Article by Erin Janus| Everyone deserves a partner that lifts them up, brings them joy and helps them to become the best version of themselves. So many people are constantly searching for someone to fill this role in their life. The answer to whether or not you meet a compatible match does not lie in whether or not there is someone out there, (because there is)— it lies in how you spend your time, where your choices take you, and what you emit emotionally, psychologically and spiritually. Here is how to attract the right partner into your life:
1) Do What You Love
You may be wondering, “How will doing what I love attract my perfect match?” Doing what you love will naturally take you to new places. Always. Whether it be a coffee shop, new job, new city or travelling to get where you need to go do to what you love, embarking upon the journey of following your heart open doors that are bound to have you making new connections and meeting new people.
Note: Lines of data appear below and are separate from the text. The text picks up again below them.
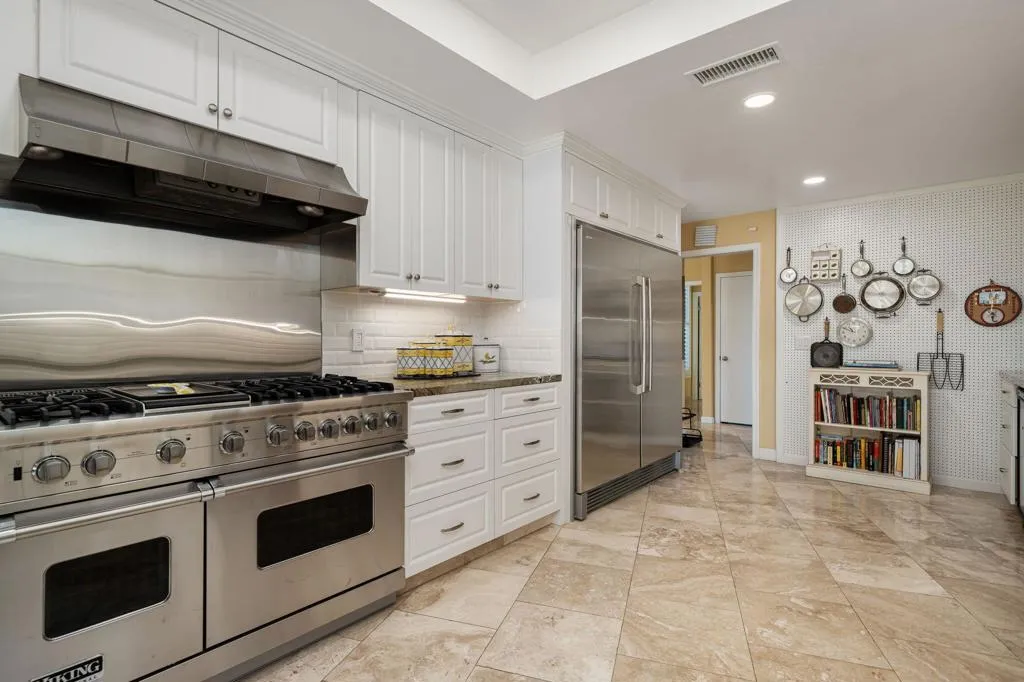 44828 Oro Grande Circle, Indian Wells, California 92210 home-pic-12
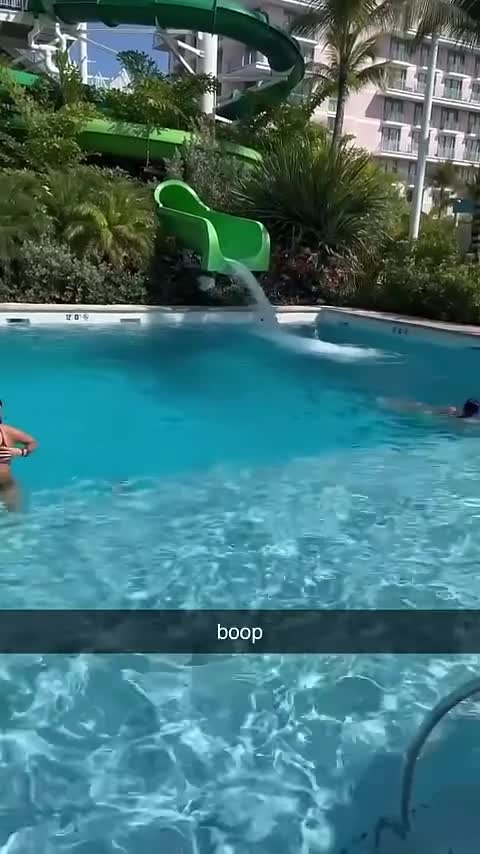Charli D’Amelio Bikini Waterpark Video Leaked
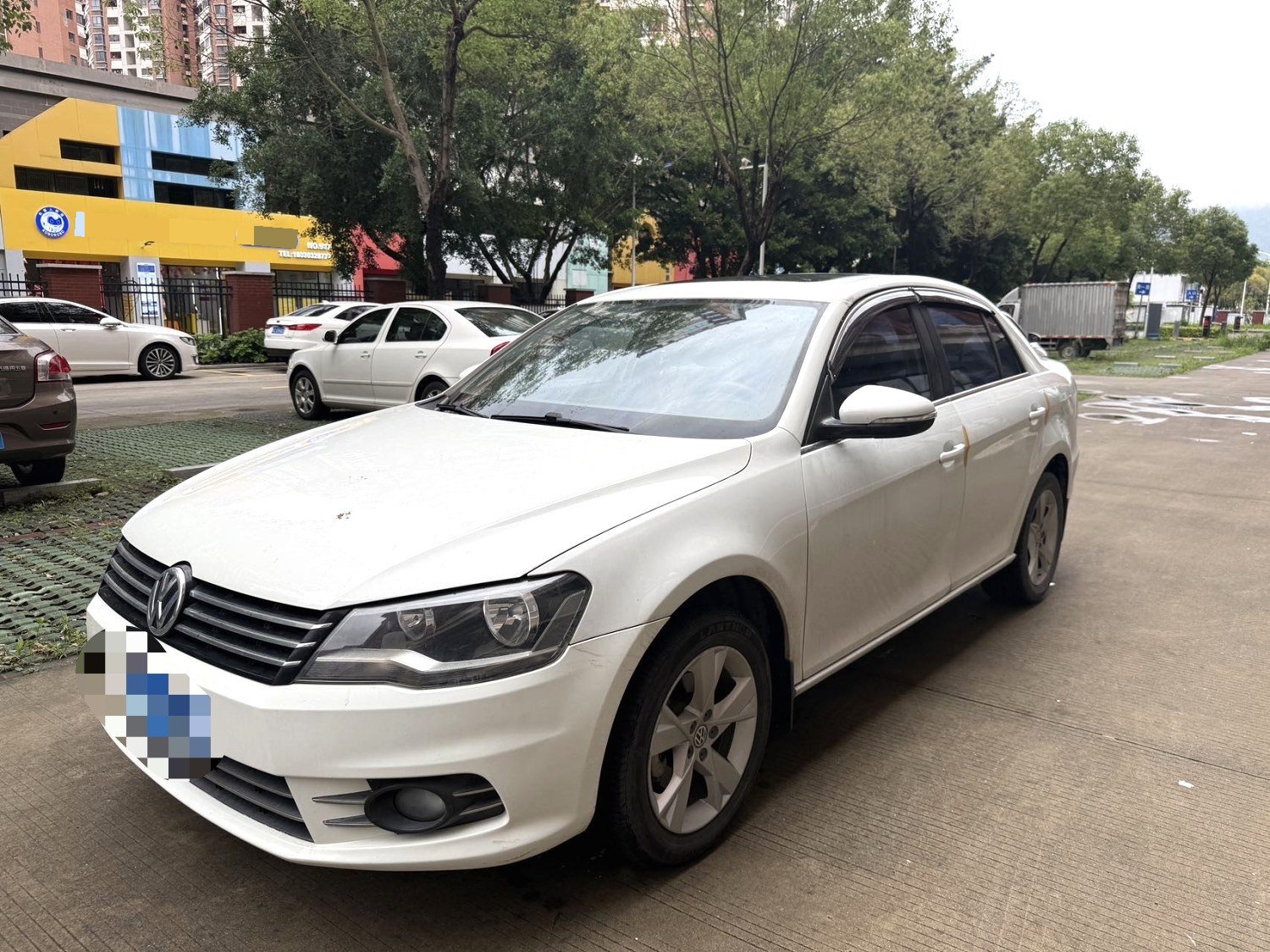 Volkswagen Bora 2015 car image 
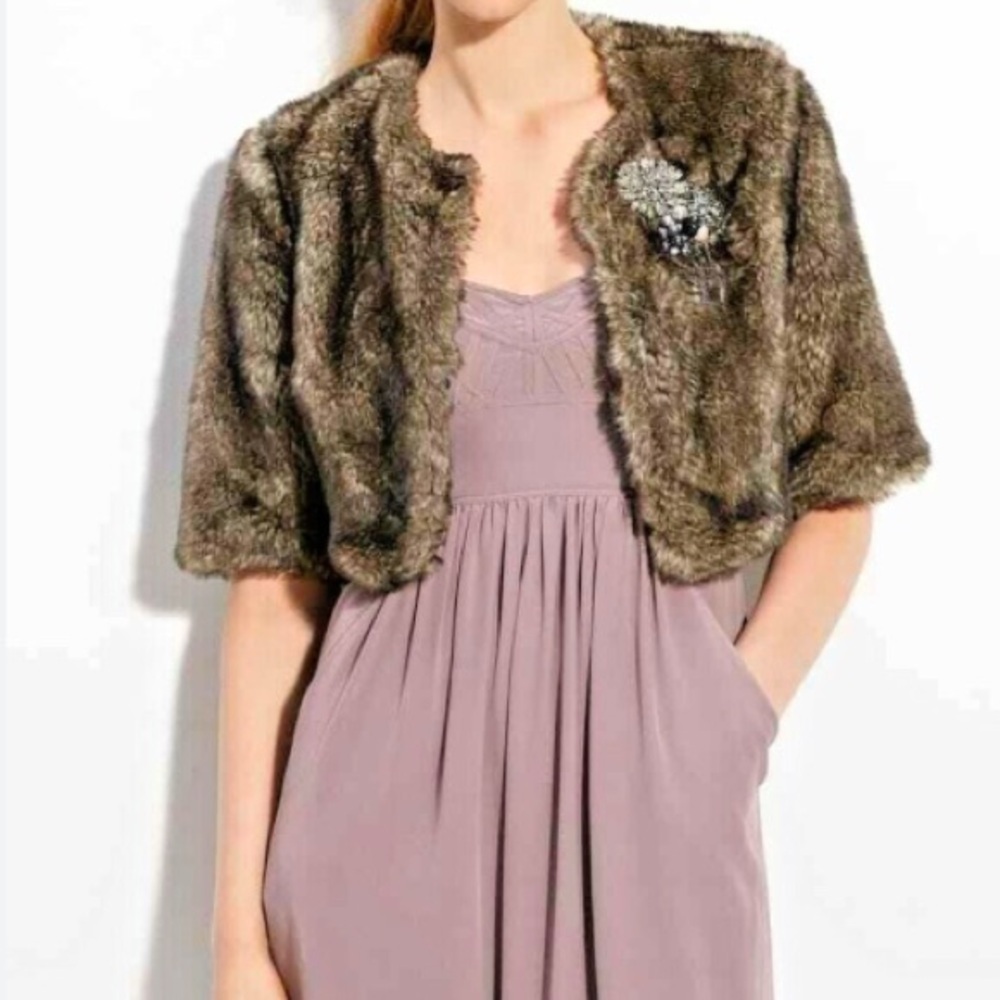 Robbi & Nikki Faux Fur Cropped Jacket w/ Rhinestone Brooch Size Women’s Medium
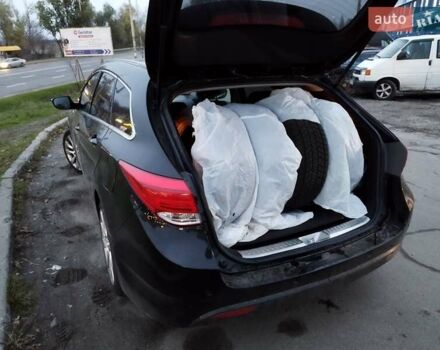 Черный Хендай и40, объемом двигателя 1.7 л и пробегом 213 тыс. км за 11700 $, фото 1 на Automoto.ua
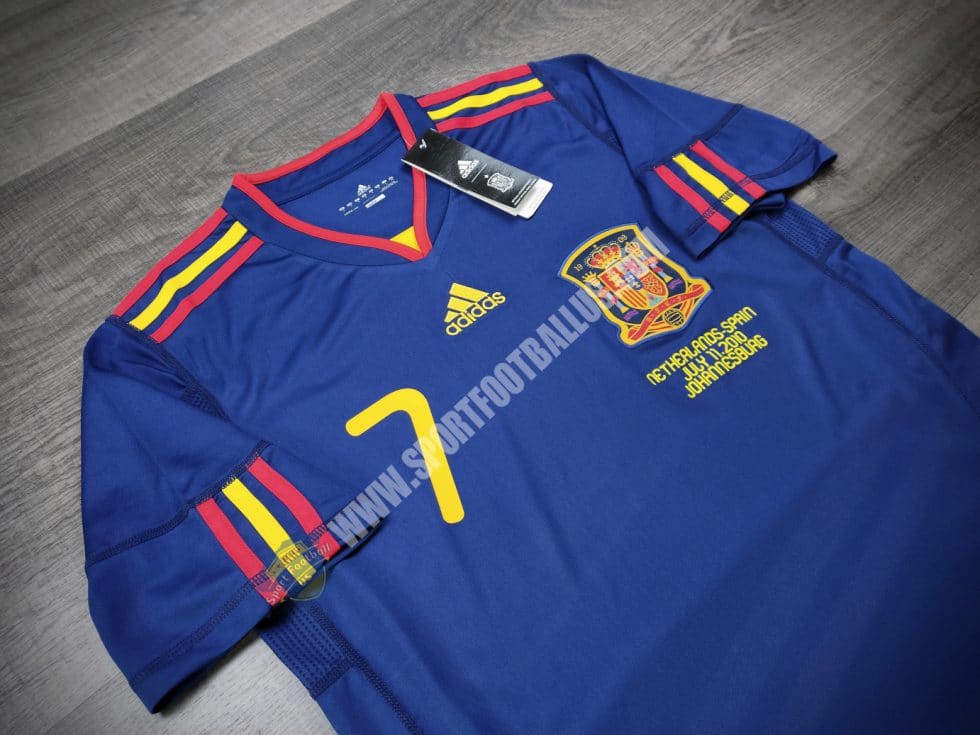 Retro Spain Away WINNER FIFA World Cup 2010 7 DAVID VILLA_02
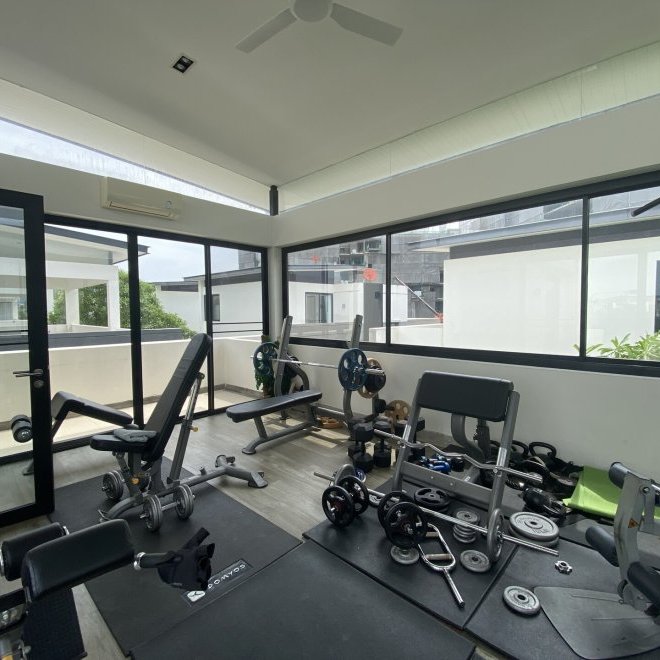 4 bedroom townhouse with swimming pool in Laguna Park (ID 49)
It is more likely that you will find someone who is aligned with you when you are doing what you love, as it may take you to the same places your compatible match will be. If everyone spent more time doing what they loved, they’d meet more people who are doing the same things because of their love for it too. Pursuing your passions not only feeds your soul, but brings you into new dimensions of others whose soul speaks a similar language.
2) Respect Yourself
When you don’t respect yourself, energetically you send out vibes that are likely to attract people who will suck the life out of you, rather than raise you up. Respecting and honoring yourself is not only crucial for your own heart and soul, but will create room to attract others who will do the same. As much as people are afraid to to accept it, there is a reason that certain individuals repeatedly end up with abusive partners over and over again. What we believe about ourselves, and how treat ourselves is a spiritual invitation for others to do the same.
3) Stop Searching
Why is it that so often when you stop looking for something, you find it? At the end of the day, we are all souls in a constant search: for pleasure, happiness, for joy and for love. There is no reason you can’t have all of those things. But it all starts with doing what you can to improve your life, regardless of what you don’t have yet. So many people spend so much time looking and waiting for someone to complete them. If they instead spent that time building a life they deserve and enjoy, they could have effortlessly met that special person that was already aligned with the life they created.
So stop wasting the precious days of your life in search of the right person. Instead, be productive and start building the life of your dreams. After all, you and your future partner deserve you to be happy, successful and fulfilled. That is, after all, what you want to offer to someone you love. And that’s what you deserve to have for yourself. Life shouldn’t be about looking for someone to complete you, it should be about fulfilling your potential, your goals, your dreams— and likely, along the way, the person you are supposed to be with will be there waiting. Believe it.